A pointless retelling: Review of Anna Karenina by Rashid Irani
Tolstoy’s timeless tragedy gets a Russian makeover that is visually sumptuous but dramatically inert.Updated: Dec 07, 2017 16:49 IST
- Direction: Karen Shakhnazarov
- Actors: Elizaveta Boyarskaya, Max Matveev
- Rating: 1 / 5
Leo Tolstoy’s literary classic has been adapted for the screen countless times, most notably in 1935, starring Greta Garbo.
This time around, the romantic tragedy gets a Russian makeover that is visually sumptuous but dramatically inert.

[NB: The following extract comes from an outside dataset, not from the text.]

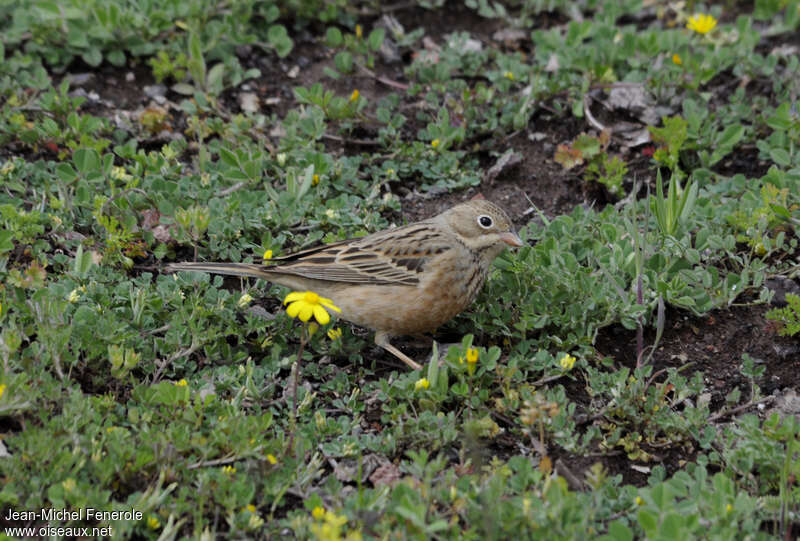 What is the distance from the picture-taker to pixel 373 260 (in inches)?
256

Veteran Soviet director Karen Shakhnazarov (The Rider Named Death) retells the story from the vantage point of the turn-of-the-20th-century Russo-Japanese war.
It’s not clear why anyone would want to view a classic through the lens of a conflict no one’s heard of.

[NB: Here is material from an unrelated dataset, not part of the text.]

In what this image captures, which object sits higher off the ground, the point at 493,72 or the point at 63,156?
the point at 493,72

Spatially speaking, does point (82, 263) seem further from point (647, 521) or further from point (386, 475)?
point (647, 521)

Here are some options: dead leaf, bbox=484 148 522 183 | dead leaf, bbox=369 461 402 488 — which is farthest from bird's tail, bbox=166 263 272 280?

After a chance encounter between Anna’s now-grown-up son (Krill Grebenshchikov) and her former lover (Max Matveev), the latter reminisces about the doomed affair with barely a flicker of emotion.
The trick serves no purpose except to stretch the film’s runtime beyond two hours.
None of the characters makes an impression; there’s no on-screen chemistry even between the lovers.
You can safely give this one a miss.